- RECORDS FOR THIS TASK
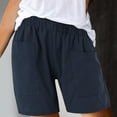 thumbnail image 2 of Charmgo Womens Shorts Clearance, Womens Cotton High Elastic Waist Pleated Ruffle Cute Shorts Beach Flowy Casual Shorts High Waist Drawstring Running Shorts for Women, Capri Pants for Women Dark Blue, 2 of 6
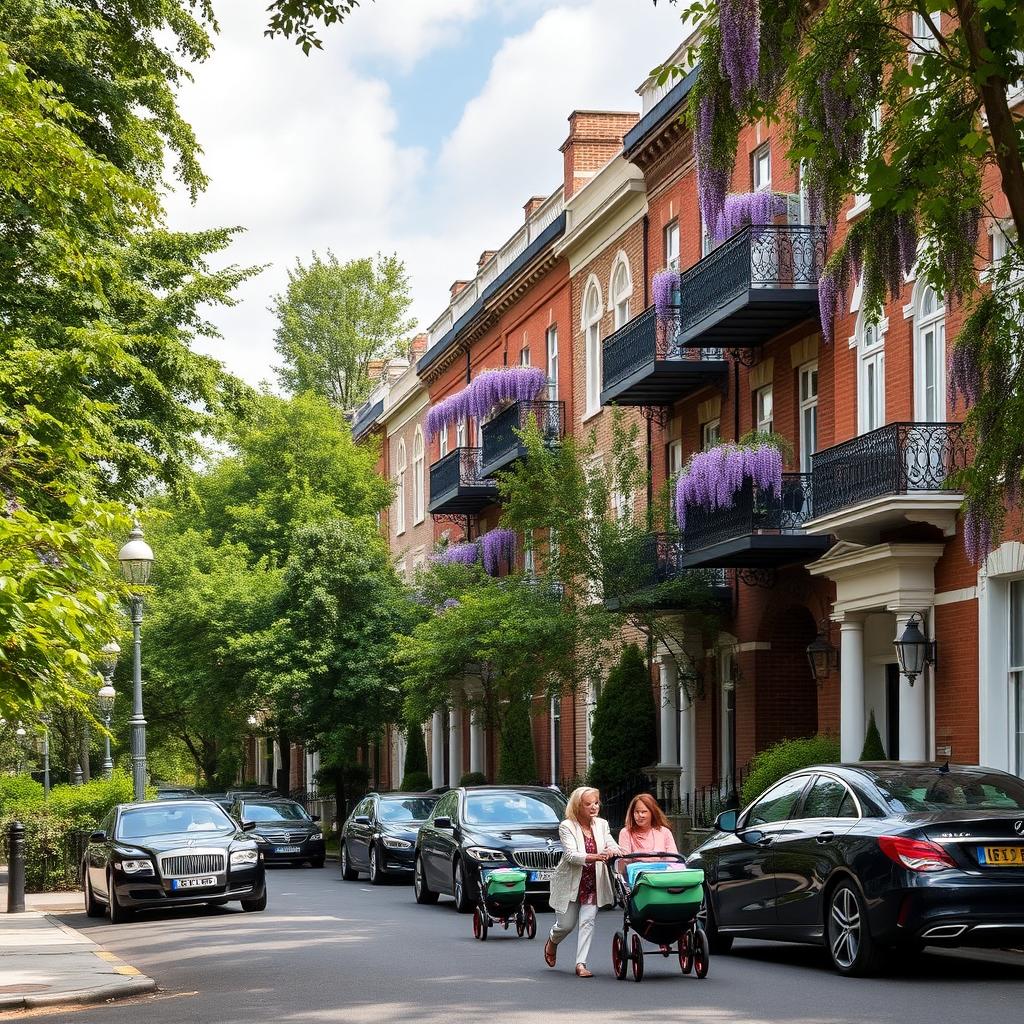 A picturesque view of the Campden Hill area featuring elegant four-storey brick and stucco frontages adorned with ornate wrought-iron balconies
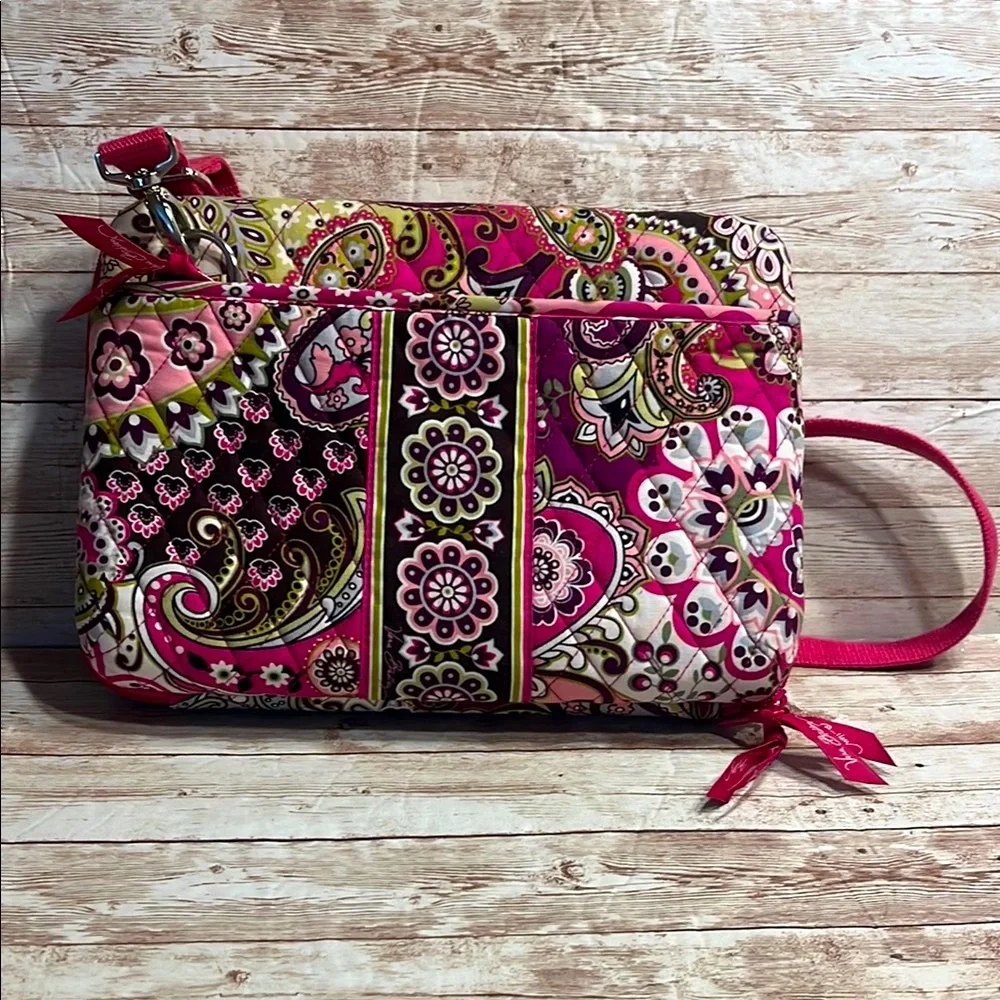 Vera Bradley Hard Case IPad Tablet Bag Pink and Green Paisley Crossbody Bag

--

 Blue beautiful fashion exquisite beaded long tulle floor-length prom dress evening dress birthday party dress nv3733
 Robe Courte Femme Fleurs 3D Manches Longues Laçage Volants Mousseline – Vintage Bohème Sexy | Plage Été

- EXERCISE DESCRIPTION
Copy out exactly the material that runs from the line with "thumbnail image 2" to the line with "Vera Bradley Hard", ends included, and leave the pictures behind.

- THE COMPLETED TASK
 thumbnail image 2 of Charmgo Womens Shorts Clearance, Womens Cotton High Elastic Waist Pleated Ruffle Cute Shorts Beach Flowy Casual Shorts High Waist Drawstring Running Shorts for Women, Capri Pants for Women Dark Blue, 2 of 6
 A picturesque view of the Campden Hill area featuring elegant four-storey brick and stucco frontages adorned with ornate wrought-iron balconies
 Vera Bradley Hard Case IPad Tablet Bag Pink and Green Paisley Crossbody Bag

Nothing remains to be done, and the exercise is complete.